WHAT IS EXPECTED: Repeat the entries below exactly. Begin with the first line and end with the line that contains "leonardo 24 hombres".

[[ DATA RECORDS open ]]

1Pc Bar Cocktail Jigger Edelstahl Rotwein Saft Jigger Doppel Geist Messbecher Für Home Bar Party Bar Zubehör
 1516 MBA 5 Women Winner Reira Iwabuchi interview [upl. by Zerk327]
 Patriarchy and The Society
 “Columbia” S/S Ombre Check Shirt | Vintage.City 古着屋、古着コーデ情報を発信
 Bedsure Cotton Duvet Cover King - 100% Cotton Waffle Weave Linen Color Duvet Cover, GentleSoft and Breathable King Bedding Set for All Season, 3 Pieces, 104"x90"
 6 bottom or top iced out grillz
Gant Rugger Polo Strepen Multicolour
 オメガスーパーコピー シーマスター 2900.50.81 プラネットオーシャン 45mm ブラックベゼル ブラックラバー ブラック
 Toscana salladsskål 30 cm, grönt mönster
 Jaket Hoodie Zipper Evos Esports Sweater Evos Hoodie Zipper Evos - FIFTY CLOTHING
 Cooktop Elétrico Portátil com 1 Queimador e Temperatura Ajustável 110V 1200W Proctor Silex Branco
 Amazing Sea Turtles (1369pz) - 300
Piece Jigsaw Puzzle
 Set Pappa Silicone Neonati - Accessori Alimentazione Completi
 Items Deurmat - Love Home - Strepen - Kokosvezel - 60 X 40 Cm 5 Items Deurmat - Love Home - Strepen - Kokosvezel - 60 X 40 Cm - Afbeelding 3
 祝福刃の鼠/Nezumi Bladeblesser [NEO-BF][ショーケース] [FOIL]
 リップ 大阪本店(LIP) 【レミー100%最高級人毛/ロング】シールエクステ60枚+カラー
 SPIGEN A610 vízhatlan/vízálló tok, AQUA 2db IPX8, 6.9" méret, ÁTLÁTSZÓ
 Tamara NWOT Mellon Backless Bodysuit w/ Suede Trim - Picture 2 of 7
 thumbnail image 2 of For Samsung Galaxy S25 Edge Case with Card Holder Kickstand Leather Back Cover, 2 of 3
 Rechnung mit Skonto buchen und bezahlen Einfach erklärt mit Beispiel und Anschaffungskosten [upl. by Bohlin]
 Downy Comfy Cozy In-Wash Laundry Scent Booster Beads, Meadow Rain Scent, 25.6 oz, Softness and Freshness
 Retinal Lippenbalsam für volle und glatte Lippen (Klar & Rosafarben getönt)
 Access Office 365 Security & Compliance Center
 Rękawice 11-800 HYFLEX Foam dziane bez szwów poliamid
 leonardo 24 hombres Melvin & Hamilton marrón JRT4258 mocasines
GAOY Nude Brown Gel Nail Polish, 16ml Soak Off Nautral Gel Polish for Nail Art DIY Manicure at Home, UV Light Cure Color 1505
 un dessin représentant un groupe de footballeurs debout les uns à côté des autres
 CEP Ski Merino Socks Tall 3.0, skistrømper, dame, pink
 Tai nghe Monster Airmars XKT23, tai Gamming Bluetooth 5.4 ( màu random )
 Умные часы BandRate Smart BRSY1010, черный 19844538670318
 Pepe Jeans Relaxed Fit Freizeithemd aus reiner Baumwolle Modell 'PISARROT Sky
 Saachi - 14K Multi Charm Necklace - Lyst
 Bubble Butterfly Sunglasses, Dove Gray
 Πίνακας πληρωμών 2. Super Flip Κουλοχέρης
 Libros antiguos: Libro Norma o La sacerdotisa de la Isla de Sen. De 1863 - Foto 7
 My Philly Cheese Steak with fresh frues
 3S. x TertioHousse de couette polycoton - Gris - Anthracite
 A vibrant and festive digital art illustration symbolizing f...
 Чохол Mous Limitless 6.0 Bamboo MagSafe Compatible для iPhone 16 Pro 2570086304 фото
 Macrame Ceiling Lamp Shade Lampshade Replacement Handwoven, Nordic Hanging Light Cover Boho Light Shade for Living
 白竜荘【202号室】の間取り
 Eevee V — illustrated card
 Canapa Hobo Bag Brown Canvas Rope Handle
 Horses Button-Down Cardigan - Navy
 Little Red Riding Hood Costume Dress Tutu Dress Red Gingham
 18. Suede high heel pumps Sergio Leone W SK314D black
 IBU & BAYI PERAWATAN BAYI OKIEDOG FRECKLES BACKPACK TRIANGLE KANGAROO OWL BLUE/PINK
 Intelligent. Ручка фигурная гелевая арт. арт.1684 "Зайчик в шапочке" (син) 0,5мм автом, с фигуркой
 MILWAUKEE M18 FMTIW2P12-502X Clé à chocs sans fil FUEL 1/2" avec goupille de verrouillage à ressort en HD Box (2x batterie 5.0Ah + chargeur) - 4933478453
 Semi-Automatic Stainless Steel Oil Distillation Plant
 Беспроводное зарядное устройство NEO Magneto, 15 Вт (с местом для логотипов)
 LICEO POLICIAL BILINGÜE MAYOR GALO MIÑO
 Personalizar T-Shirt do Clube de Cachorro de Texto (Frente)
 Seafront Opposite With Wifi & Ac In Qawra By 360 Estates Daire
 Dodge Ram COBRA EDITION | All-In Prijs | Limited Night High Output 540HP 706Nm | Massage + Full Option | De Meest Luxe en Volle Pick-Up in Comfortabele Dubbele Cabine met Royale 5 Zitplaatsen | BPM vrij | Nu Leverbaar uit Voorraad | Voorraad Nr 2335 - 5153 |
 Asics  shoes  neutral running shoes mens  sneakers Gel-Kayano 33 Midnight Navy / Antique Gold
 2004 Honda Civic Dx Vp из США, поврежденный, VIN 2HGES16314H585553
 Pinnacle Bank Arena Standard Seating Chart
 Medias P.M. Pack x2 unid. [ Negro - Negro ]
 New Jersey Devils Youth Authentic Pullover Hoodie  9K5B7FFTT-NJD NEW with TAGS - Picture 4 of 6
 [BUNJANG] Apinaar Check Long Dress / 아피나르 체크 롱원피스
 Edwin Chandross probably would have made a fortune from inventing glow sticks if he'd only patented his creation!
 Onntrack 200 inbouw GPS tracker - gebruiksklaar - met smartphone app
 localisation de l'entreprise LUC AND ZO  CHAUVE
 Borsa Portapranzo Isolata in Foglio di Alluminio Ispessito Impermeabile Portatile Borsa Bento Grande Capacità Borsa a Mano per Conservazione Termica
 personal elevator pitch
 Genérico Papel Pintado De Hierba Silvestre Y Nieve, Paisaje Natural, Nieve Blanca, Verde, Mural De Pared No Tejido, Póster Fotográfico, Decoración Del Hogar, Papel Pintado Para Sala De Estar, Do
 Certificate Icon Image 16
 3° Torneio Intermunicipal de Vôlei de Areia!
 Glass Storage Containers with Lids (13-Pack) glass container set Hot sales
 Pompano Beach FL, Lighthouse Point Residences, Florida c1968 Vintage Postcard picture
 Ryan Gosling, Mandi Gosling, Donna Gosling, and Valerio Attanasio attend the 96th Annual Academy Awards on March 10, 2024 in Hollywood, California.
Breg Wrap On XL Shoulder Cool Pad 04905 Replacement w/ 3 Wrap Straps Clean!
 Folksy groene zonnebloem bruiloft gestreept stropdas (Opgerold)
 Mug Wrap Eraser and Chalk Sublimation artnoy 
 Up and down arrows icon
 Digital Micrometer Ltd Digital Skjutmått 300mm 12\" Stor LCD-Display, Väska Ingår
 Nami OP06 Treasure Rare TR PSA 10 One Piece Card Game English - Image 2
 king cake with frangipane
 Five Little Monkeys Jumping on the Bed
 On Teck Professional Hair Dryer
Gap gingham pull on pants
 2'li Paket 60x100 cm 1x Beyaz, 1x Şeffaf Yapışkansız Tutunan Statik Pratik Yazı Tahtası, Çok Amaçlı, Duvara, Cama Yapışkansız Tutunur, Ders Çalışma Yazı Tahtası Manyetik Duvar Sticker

[[ DATA RECORDS closed ]]

EXERCISE OUTPUT:
1Pc Bar Cocktail Jigger Edelstahl Rotwein Saft Jigger Doppel Geist Messbecher Für Home Bar Party Bar Zubehör
 1516 MBA 5 Women Winner Reira Iwabuchi interview [upl. by Zerk327]
 Patriarchy and The Society
 “Columbia” S/S Ombre Check Shirt | Vintage.City 古着屋、古着コーデ情報を発信
 Bedsure Cotton Duvet Cover King - 100% Cotton Waffle Weave Linen Color Duvet Cover, GentleSoft and Breathable King Bedding Set for All Season, 3 Pieces, 104"x90"
 6 bottom or top iced out grillz
Gant Rugger Polo Strepen Multicolour
 オメガスーパーコピー シーマスター 2900.50.81 プラネットオーシャン 45mm ブラックベゼル ブラックラバー ブラック
 Toscana salladsskål 30 cm, grönt mönster
 Jaket Hoodie Zipper Evos Esports Sweater Evos Hoodie Zipper Evos - FIFTY CLOTHING
 Cooktop Elétrico Portátil com 1 Queimador e Temperatura Ajustável 110V 1200W Proctor Silex Branco
 Amazing Sea Turtles (1369pz) - 300
Piece Jigsaw Puzzle
 Set Pappa Silicone Neonati - Accessori Alimentazione Completi
 Items Deurmat - Love Home - Strepen - Kokosvezel - 60 X 40 Cm 5 Items Deurmat - Love Home - Strepen - Kokosvezel - 60 X 40 Cm - Afbeelding 3
 祝福刃の鼠/Nezumi Bladeblesser [NEO-BF][ショーケース] [FOIL]
 リップ 大阪本店(LIP) 【レミー100%最高級人毛/ロング】シールエクステ60枚+カラー
 SPIGEN A610 vízhatlan/vízálló tok, AQUA 2db IPX8, 6.9" méret, ÁTLÁTSZÓ
 Tamara NWOT Mellon Backless Bodysuit w/ Suede Trim - Picture 2 of 7
 thumbnail image 2 of For Samsung Galaxy S25 Edge Case with Card Holder Kickstand Leather Back Cover, 2 of 3
 Rechnung mit Skonto buchen und bezahlen Einfach erklärt mit Beispiel und Anschaffungskosten [upl. by Bohlin]
 Downy Comfy Cozy In-Wash Laundry Scent Booster Beads, Meadow Rain Scent, 25.6 oz, Softness and Freshness
 Retinal Lippenbalsam für volle und glatte Lippen (Klar & Rosafarben getönt)
 Access Office 365 Security & Compliance Center
 Rękawice 11-800 HYFLEX Foam dziane bez szwów poliamid
 leonardo 24 hombres Melvin & Hamilton marrón JRT4258 mocasines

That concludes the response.